Description Frédéric Wang (:fredw) 2020-11-16 05:53:59 PST 
Preliminary work is done in bug 218623 and bug 218627, but it is including the loopback URLs directly in the definition of "a priori authenticated URL" (https://w3c.github.io/webappsec-mixed-content/#a-priori-authenticated-url) rather than in the one of "potentially trustworthy url" (https://w3c.github.io/webappsec-secure-contexts/#potentially-trustworthy-url). This bug is about moving these things around, which might lead to some behavior changes.
Comment 1 Radar WebKit Bug Importer 2020-11-16 18:15:56 PST 
<rdar://problem/71468048>
Comment 2 Sam Sneddon [:gsnedders] 2021-02-19 11:44:42 PST 
https://github.com/WebKit/WebKit/blob/51b6659009f49c33837e1ed10cddbd454315fb44/Source/WebCore/page/SecurityOrigin.cpp#L157 makes it look like we already treat localhost and loopback addresses as potentially trustworthy origins?
Comment 3 Frédéric Wang (:fredw) 2021-02-19 11:48:09 PST 
(In reply to Sam Sneddon [:gsnedders] from comment #2)
> https://github.com/WebKit/WebKit/blob/
> 51b6659009f49c33837e1ed10cddbd454315fb44/Source/WebCore/page/SecurityOrigin.
> cpp#L157 makes it look like we already treat localhost and loopback
> addresses as potentially trustworthy origins?

IIRC, these functions are confusing since they are actually not used by MixedContentChecker::isMixedContent.

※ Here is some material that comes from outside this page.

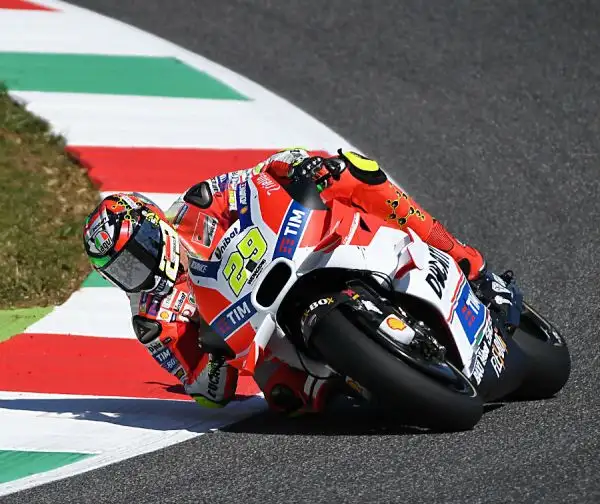 Il Dottore, dopo aver faticato nelle libere, ha piazzato la zampata negli ultimi secondi delle qualifiche, lasciandosi alle spalle il futuro compagno di squadra Viñales e a Iannone.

See the patches I attached on bug  	218623 and bug 218627 for where we would actually want to plug the new thing.
Comment 4 Sam Sneddon [:gsnedders] 2021-02-19 11:55:46 PST 
Right, so there's the mixed content case, but also the… not-mixed content (lone content?) case for WebIDL's [SecureContext], for example.

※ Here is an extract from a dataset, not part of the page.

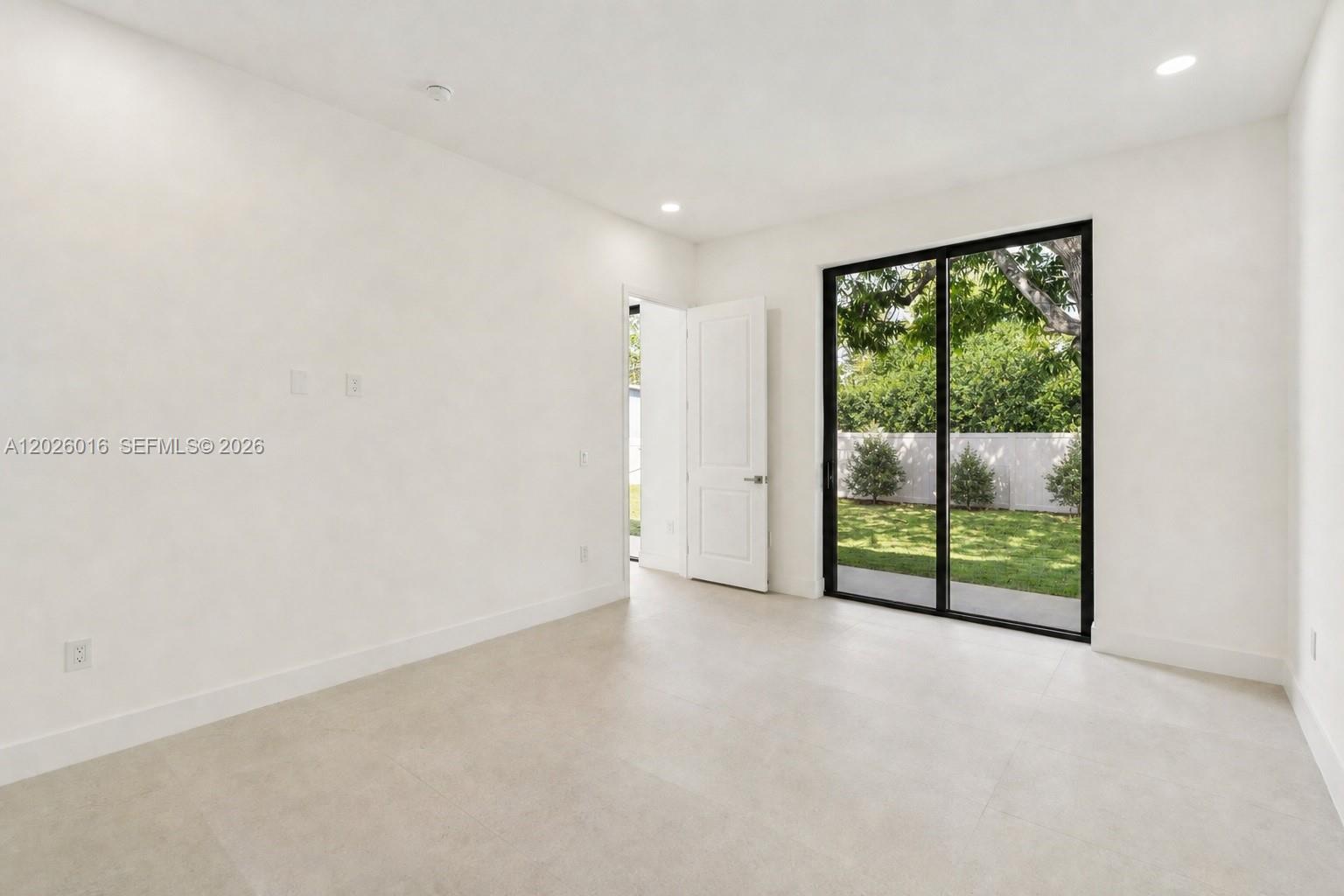 COLLIER GROVES - Residential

Not totally clear what this specific bug is meant to be for, given the title. Using the SecurityOrigin checks more widely?
Comment 5 Frédéric Wang (:fredw) 2021-02-19 12:17:21 PST 
(In reply to Sam Sneddon [:gsnedders] from comment #4)
> Right, so there's the mixed content case, but also the… not-mixed content
> (lone content?) case for WebIDL's [SecureContext], for example.
> 
> Not totally clear what this specific bug is meant to be for, given the
> title. Using the SecurityOrigin checks more widely?

Yes, so I think I opened this and other related issues in order to address bug 171934 reported by users, which was specifically about mixed content.

I agree that in general it would be good to rely more on this "potentially trustworthy URL" concept when checking whether we are in a secure context. I think this is a bit a mess in browsers & spec currently, the call sites in Chromium are https://github.com/whatwg/html/issues/6369#issuecomment-779212659
Comment 6 Sam Sneddon [:gsnedders] 2021-10-01 09:15:42 PDT 
*** Bug 231035 has been marked as a duplicate of this bug. ***
Comment 7 Frédéric Wang (:fredw) 2021-12-10 02:14:02 PST 
Removing myself from assignee since I'm not working on this anymore.
Comment 8 Julian 2024-01-25 14:36:35 PST 
Got tripped up today by WebKit not accepting cookies with `Secure=true` from localhost, while gecko and chromium accepted them no problem.

Would really like to see this fixed, thanks!